Credit: Alex_Maryna / Shutterstock.
A Scottish member of Parliament is calling on the UK government to end a two-child limit on tax credits and other benefits for children, which is believed to be a leading factor for many women seeking abortions in the UK.
The two-child limit, which dates to 2017, means that for each child after their second-born, parents lose £2,900 each year in universal credit and in tax credits.
According to official statistics cited by The Guardian, as of April 2020, 243,000 families had been affected by the two-child limit since its implementation. Backers of the policy said it would help with government revenue.
The cap on benefits exempts women who formally disclose that their child was a result of rape. However, if their first- or second-born child was conceived in rape, the exemption does not apply to a child born later.
Alison Thewliss, a member of parliament for Glasgow Central, recently wrote to Thérèse Coffey, the UK Secretary of State for Work and Pensions, urging an end to the “wicked policy.”
“It is beyond belief that the UK Government remains so obstinately devoted to such a pernicious policy, one that— in light of this most recent evidence— is unarguably playing a real and significant part in women’s decisions to terminate pregnancies,” Thewliss wrote.
In a 24 February letter, written before the coronavirus pandemic had grasped the region, Catholic leaders said that abolishing the two-child limit for universal credit and the universal tax credit would help more than half a million of the poorest children of England and Wales.

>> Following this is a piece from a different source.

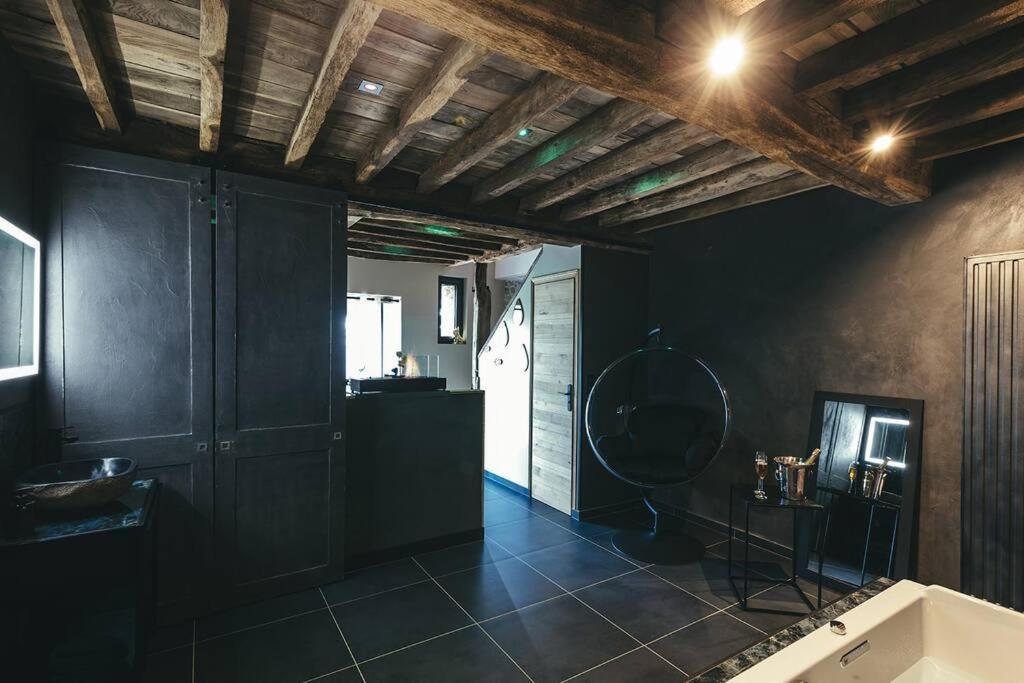 Le Duplex De L'Etoile Home Cinema Jacuzzi Et Sauna Privatif Longmesnil Kültér fotó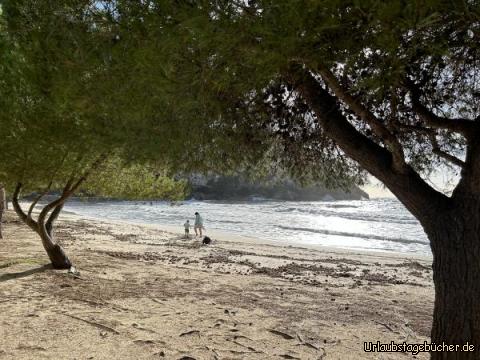 Caldana 2: …es herrschte eine ganz spezielle, schon fast mystische Stimmung an zu diesem Zeitpunkt menschenleeren Strand…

The letter to Chancellor of the Exchequer Rishi Sunak came from Bishop Richard Moth of Arundel and Brighton, chair of the Catholic Bishops Conference of England and Wales’ Department for Social Justice, and Nigel Parker, director of the Catholic Union.
“The impacts of this policy are currently being felt by families from all walks of life. Most are in work and many fell upon hard times after having their children. It also affects refugee families given sanctuary in our country and has a disproportionate impact upon religious minorities,” said the letter.
“What unites all these families is the hardship they have suffered as a result of not receiving basic support for each child. Catholic charities across England and Wales have first-hand experience of how the limit can put essentials such as food, rent and utility bills beyond reach, with devastating consequences for children’s well-being and life-chances,” they said.
A leading abortion group reported earlier this month that the two-child limit is cited as a factor by many women seeking abortions.
The British Pregnancy Advisory Service (BPAS), the UK’s leading abortion group, said that over half the women it surveyed who both had an abortion in the coronavirus pandemic and knew of the two-child limit said this policy was “important in their decision-making around whether or not to continue the pregnancy,” The Guardian reports.
The abortion provider surveyed 240 women with two or more children who had procured an abortion since March 2020. About 59% said they were aware of the two-child policy before the abortion. About 57% of those likely to be affected by the policy said it helped them decide on the abortion.
BPAS justifies legal abortion as a response to contraceptive failure. In July 2017, the advisory service said that a quarter of the over 60,500 women who had an abortion at its clinics in 2016 were using either hormonal contraception or a long-acting reversible contraceptive method when they became pregnant. Over half were using contraception of some kind.
In the UK, 9 in every 100 women who use the contraceptive pill will become pregnant, as will 6 in 100 who use the contraception injection, and 1 in 100 who use the copper coil intrauterine device. Some pro-life advocates argue that increased contraception access may lead people to engage in risky sexual behaviour, thus leading to higher rates of unintended pregnancy.
The British policy stands in contrast to several other European countries, almost all of which are experiencing fertility rates below the replacement rate.
During February 2019, the Prime Minister of Hungary announced that women with four children or more will be exempt from paying income tax for life.
France and Germany are among the other countries that have created policies to incentivize couples to have more children but have still struggled to substantially increase the national fertility rate.